• **What the task asks**:
The lines from the one containing "You can download" through the final line of the listing below are what the answer must repeat, exactly and only, leaving pictures out.

*** Exercise data ***

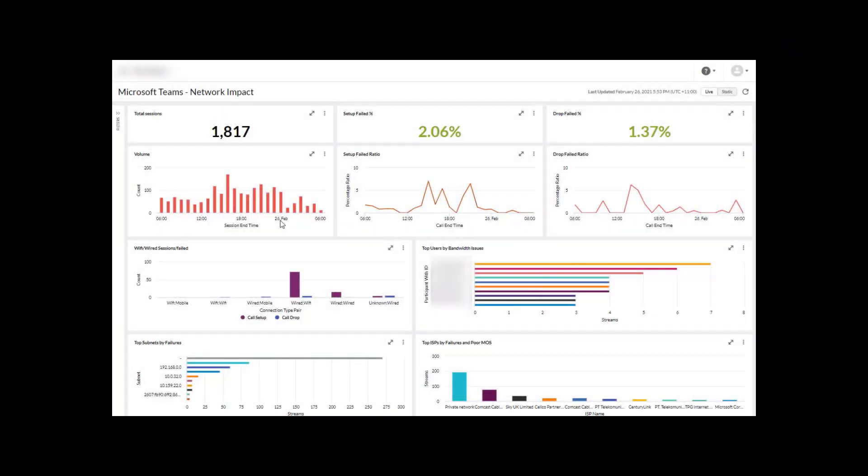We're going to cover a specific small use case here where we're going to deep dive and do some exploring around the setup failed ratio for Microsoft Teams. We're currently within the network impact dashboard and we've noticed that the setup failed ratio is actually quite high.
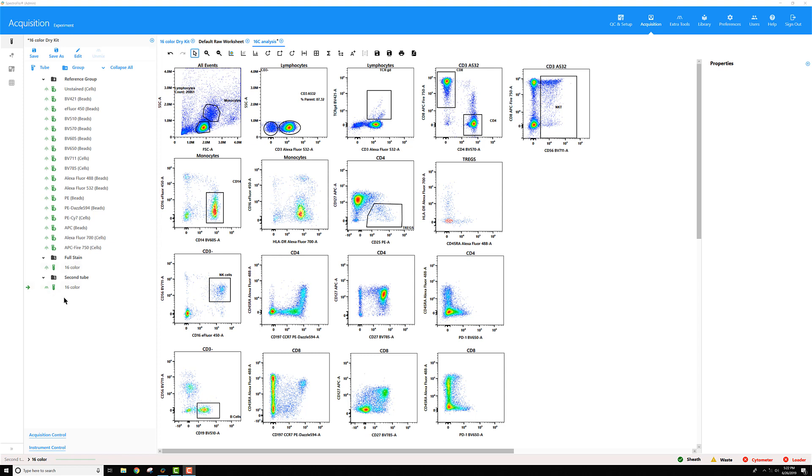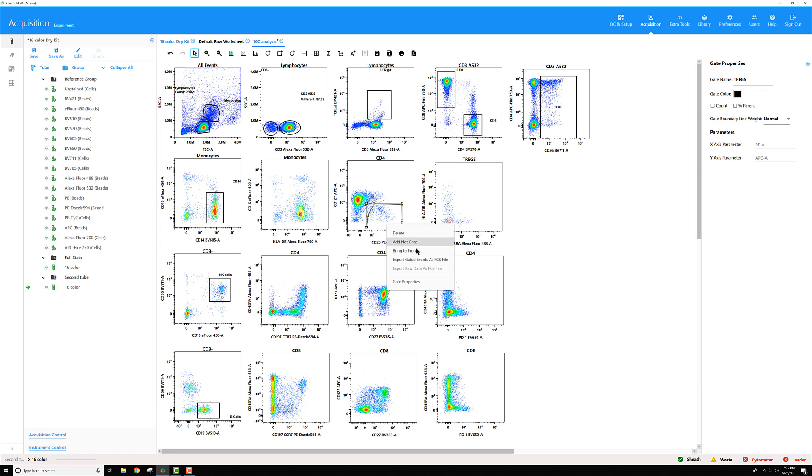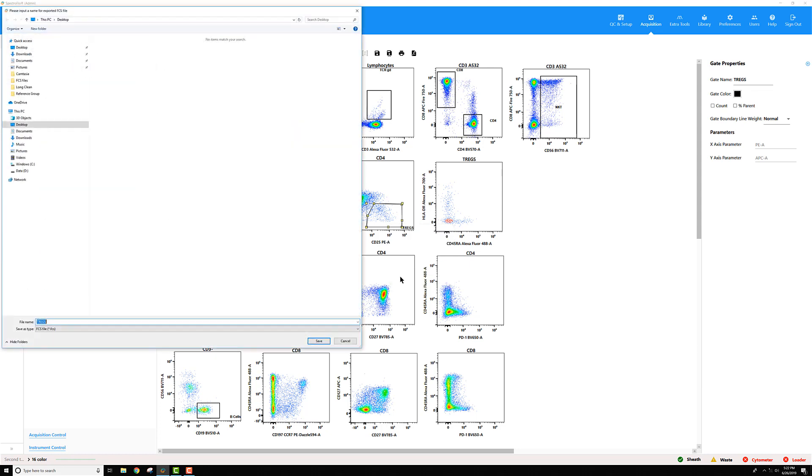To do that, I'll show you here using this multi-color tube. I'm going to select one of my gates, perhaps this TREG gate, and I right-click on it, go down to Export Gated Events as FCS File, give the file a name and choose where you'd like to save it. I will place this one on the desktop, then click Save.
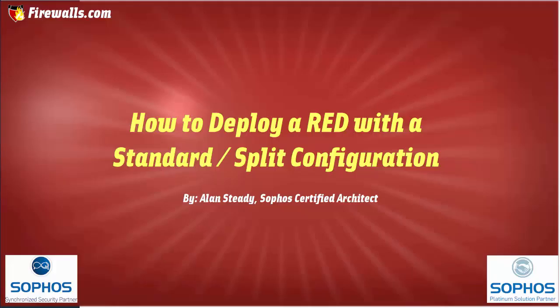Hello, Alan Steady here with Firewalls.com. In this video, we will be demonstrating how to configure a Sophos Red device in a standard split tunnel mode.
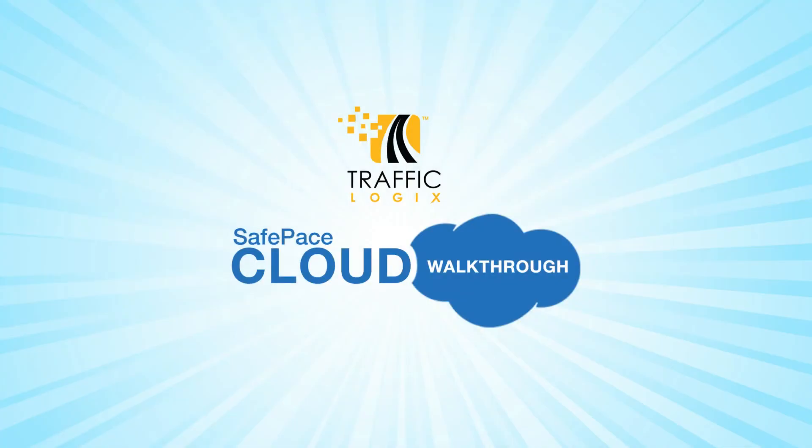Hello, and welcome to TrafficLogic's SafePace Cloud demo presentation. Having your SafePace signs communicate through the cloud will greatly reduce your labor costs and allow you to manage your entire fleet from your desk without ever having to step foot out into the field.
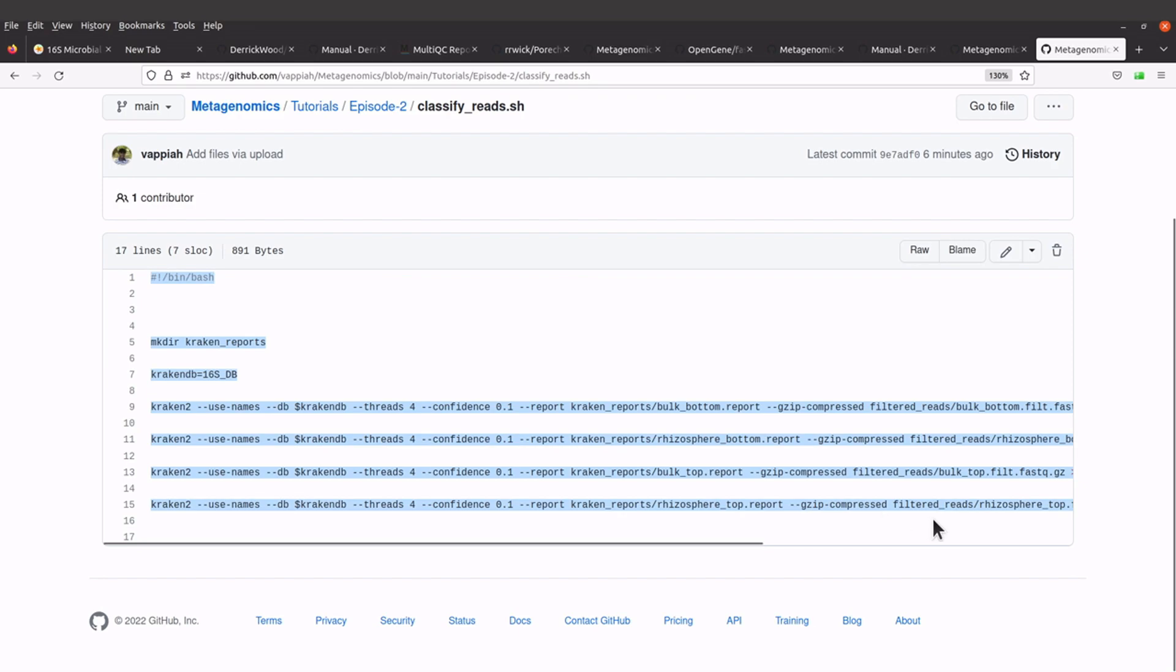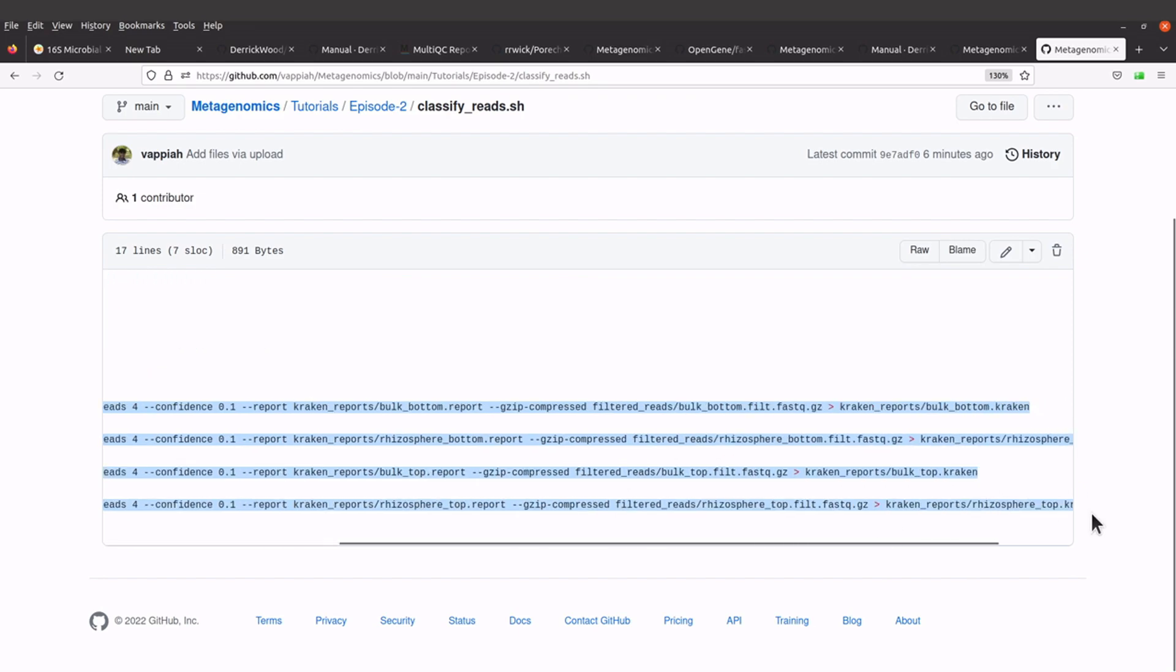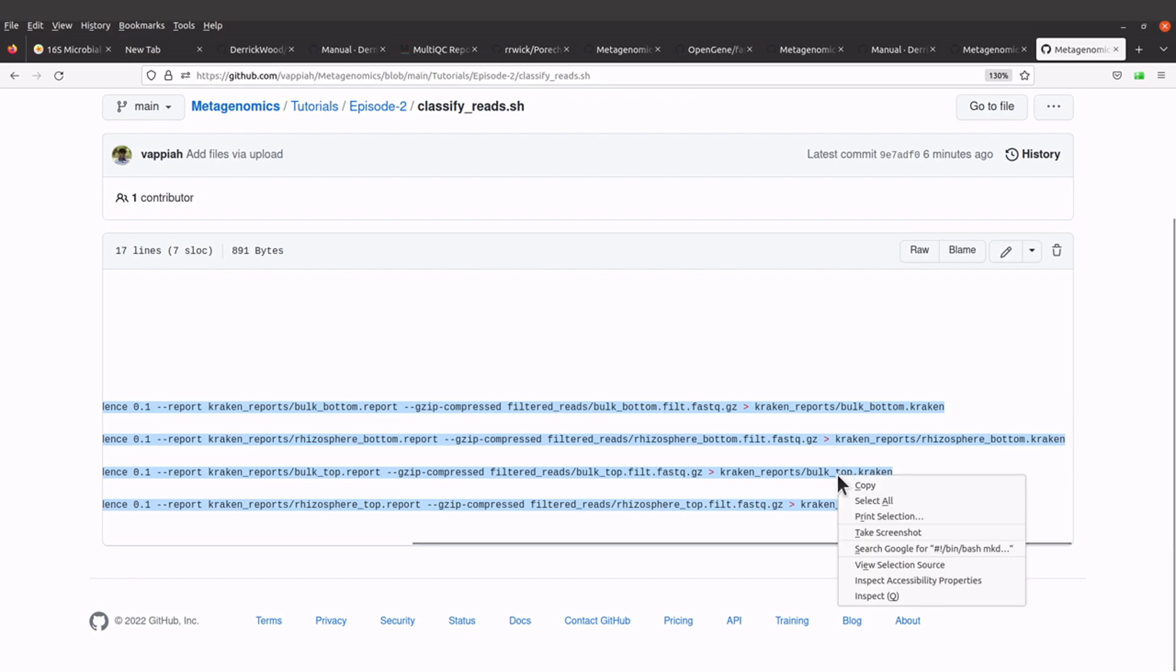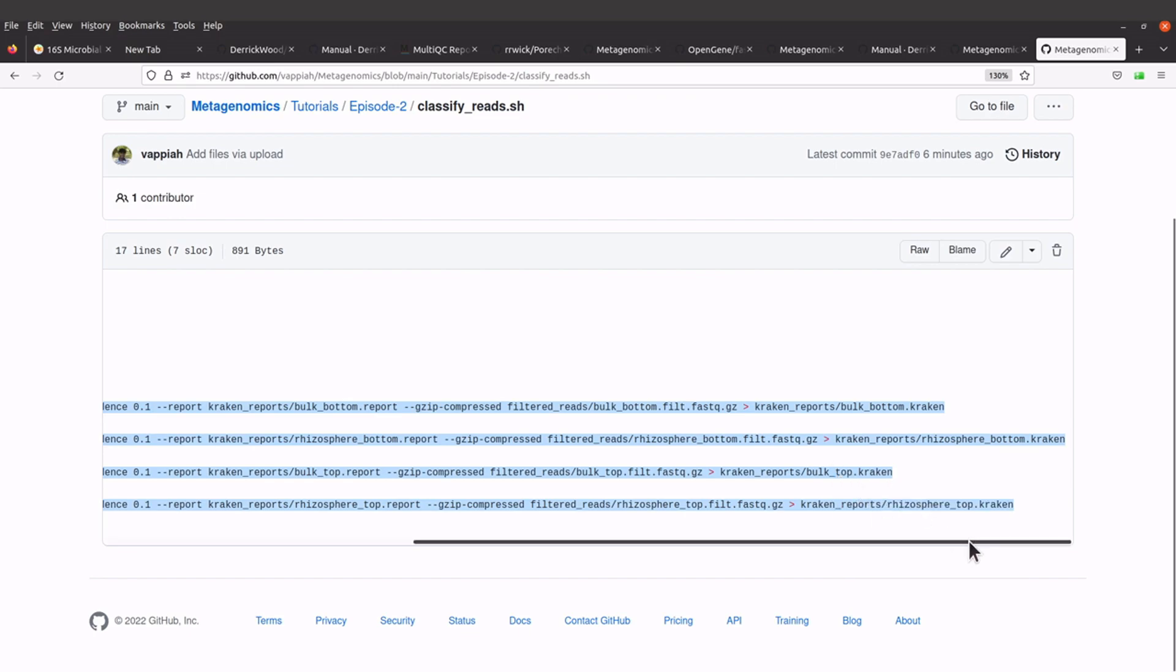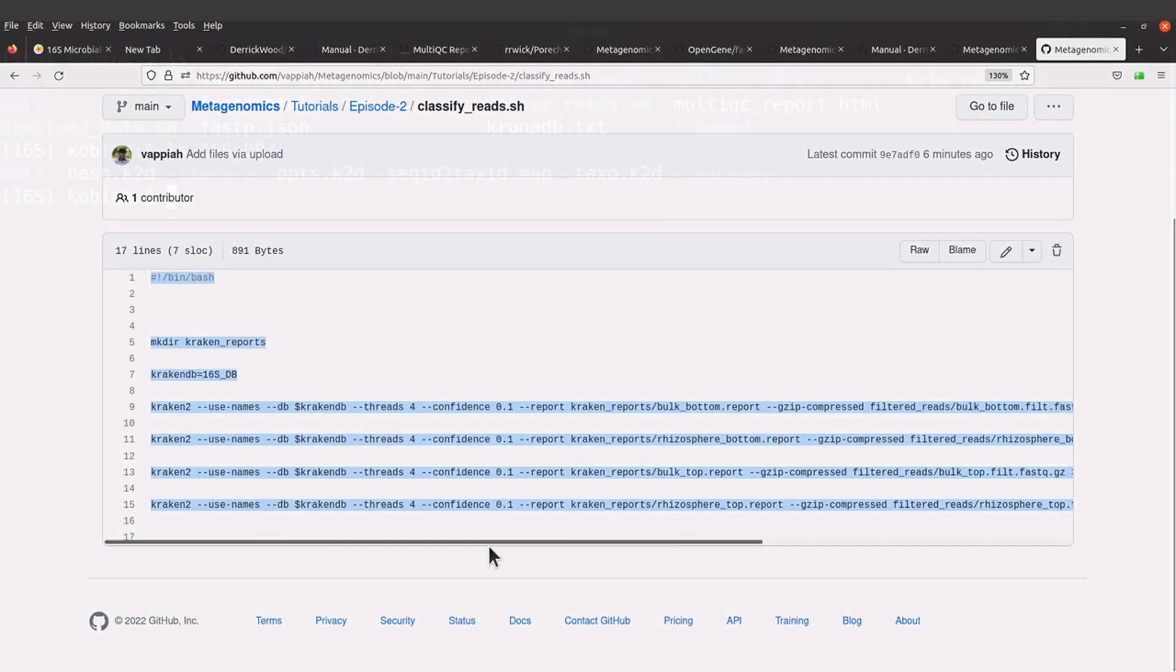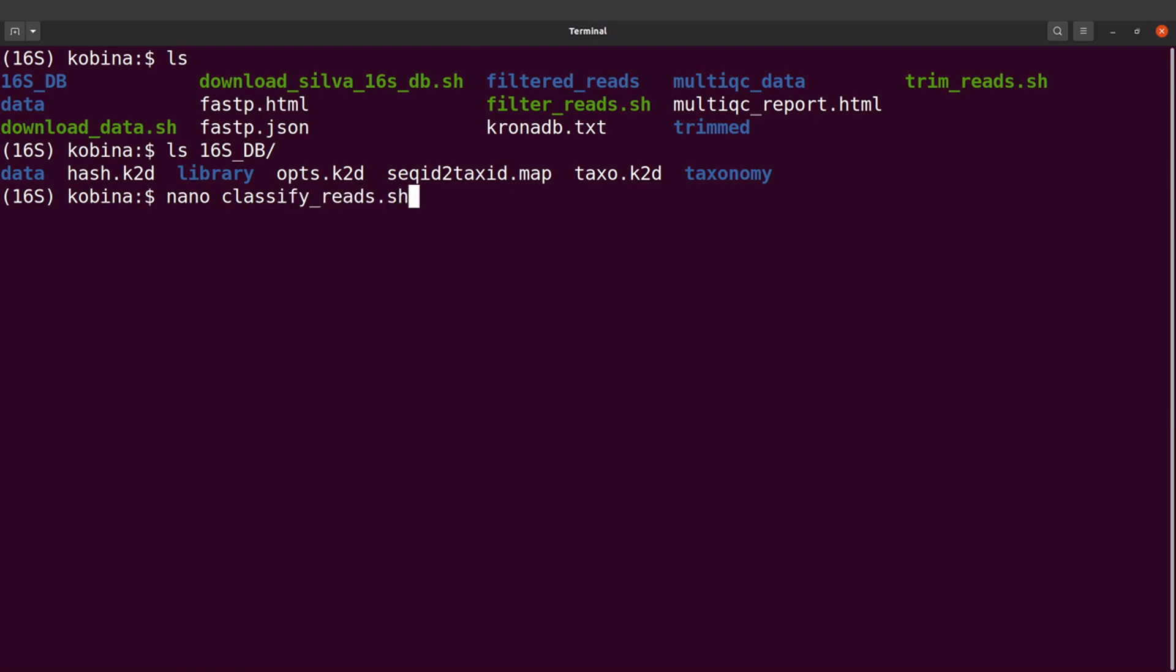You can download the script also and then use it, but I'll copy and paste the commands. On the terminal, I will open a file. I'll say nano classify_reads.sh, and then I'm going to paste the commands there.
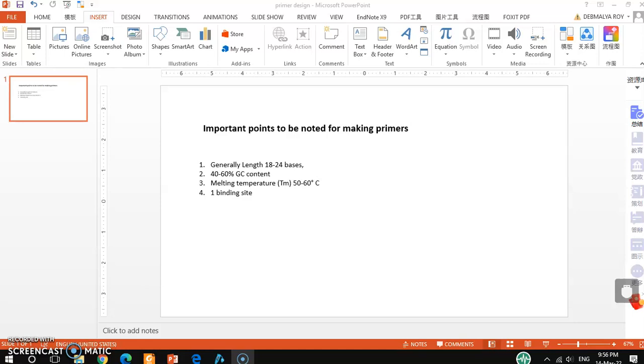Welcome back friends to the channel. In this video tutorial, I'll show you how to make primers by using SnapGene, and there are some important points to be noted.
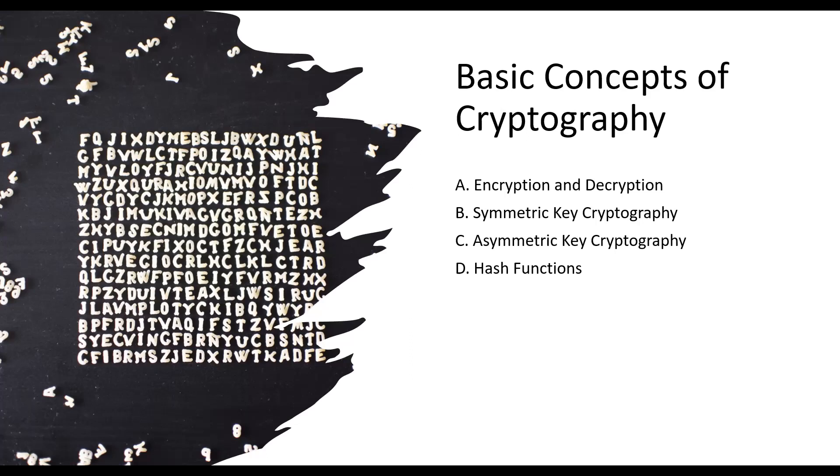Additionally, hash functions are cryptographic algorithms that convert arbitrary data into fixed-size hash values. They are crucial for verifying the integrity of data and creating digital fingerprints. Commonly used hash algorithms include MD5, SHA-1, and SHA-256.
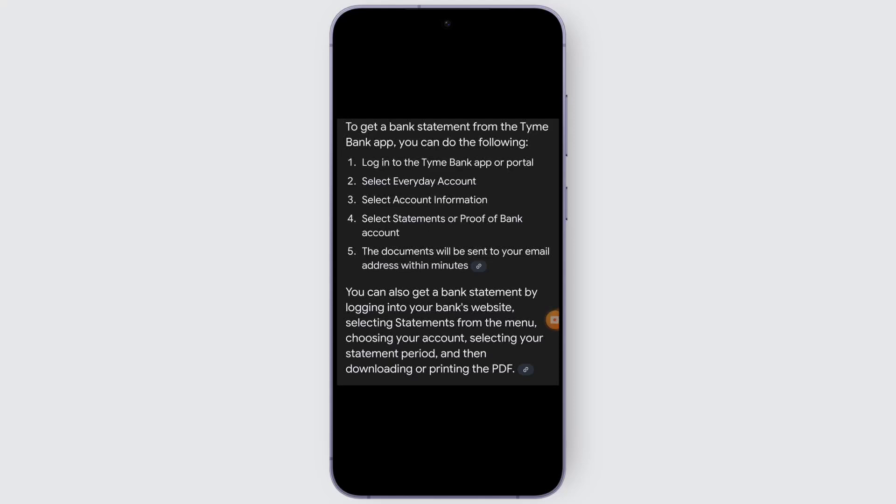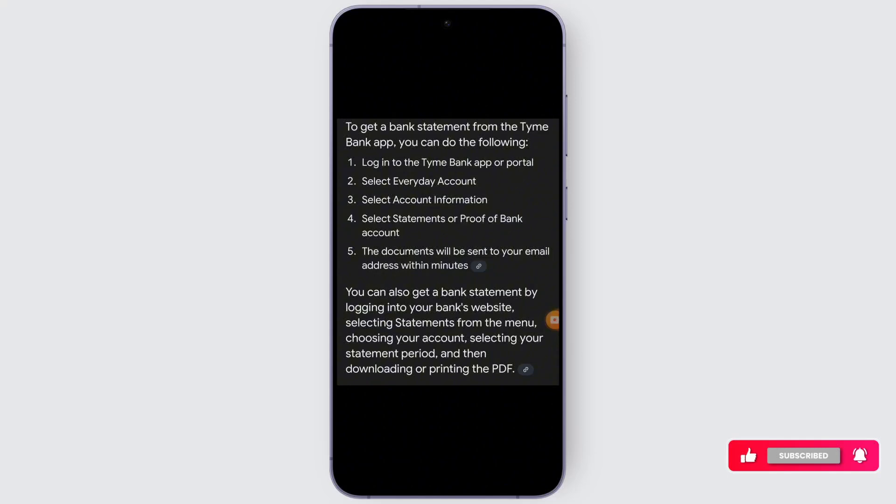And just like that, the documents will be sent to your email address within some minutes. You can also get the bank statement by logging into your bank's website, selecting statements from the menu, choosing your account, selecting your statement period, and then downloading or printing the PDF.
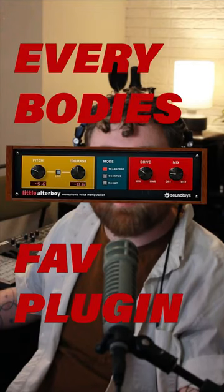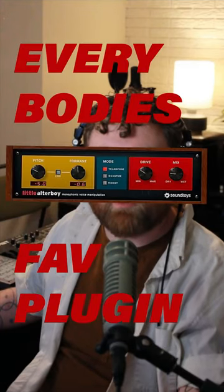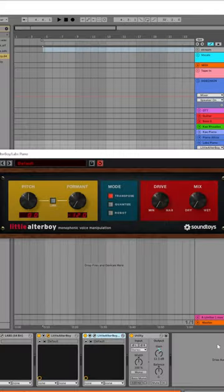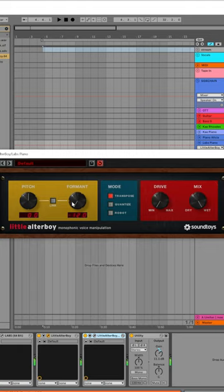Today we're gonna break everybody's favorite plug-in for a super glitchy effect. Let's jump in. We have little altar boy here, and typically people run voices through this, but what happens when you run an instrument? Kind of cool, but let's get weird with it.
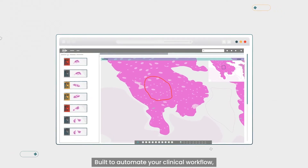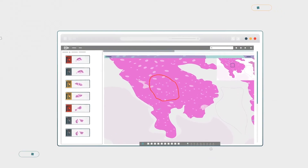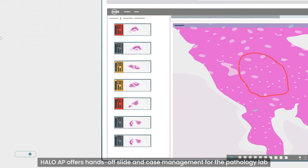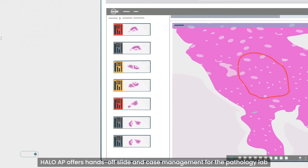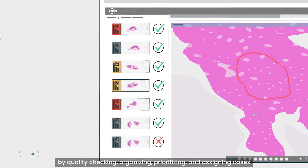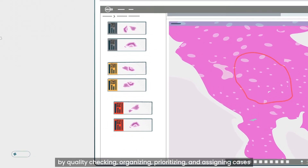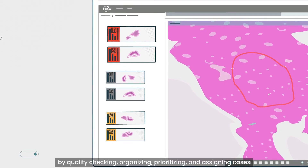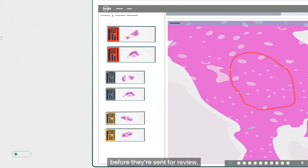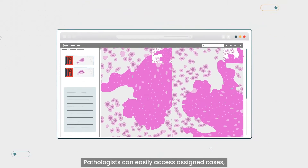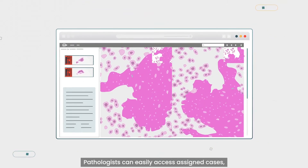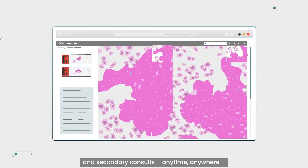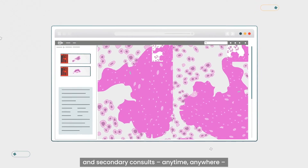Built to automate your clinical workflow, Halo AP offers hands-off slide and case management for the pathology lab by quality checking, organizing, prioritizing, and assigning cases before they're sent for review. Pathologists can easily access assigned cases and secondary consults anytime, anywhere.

*** End of Exercise data ***

• **Solved exercise**:
You can download the script also and then use it, but I'll copy and paste the commands. On the terminal, I will open a file. I'll say nano classify_reads.sh, and then I'm going to paste the commands there.
Welcome back friends to the channel. In this video tutorial, I'll show you how to make primers by using SnapGene, and there are some important points to be noted.
Additionally, hash functions are cryptographic algorithms that convert arbitrary data into fixed-size hash values. They are crucial for verifying the integrity of data and creating digital fingerprints. Commonly used hash algorithms include MD5, SHA-1, and SHA-256.
And just like that, the documents will be sent to your email address within some minutes. You can also get the bank statement by logging into your bank's website, selecting statements from the menu, choosing your account, selecting your statement period, and then downloading or printing the PDF.
Today we're gonna break everybody's favorite plug-in for a super glitchy effect. Let's jump in. We have little altar boy here, and typically people run voices through this, but what happens when you run an instrument? Kind of cool, but let's get weird with it.
Built to automate your clinical workflow, Halo AP offers hands-off slide and case management for the pathology lab by quality checking, organizing, prioritizing, and assigning cases before they're sent for review. Pathologists can easily access assigned cases and secondary consults anytime, anywhere.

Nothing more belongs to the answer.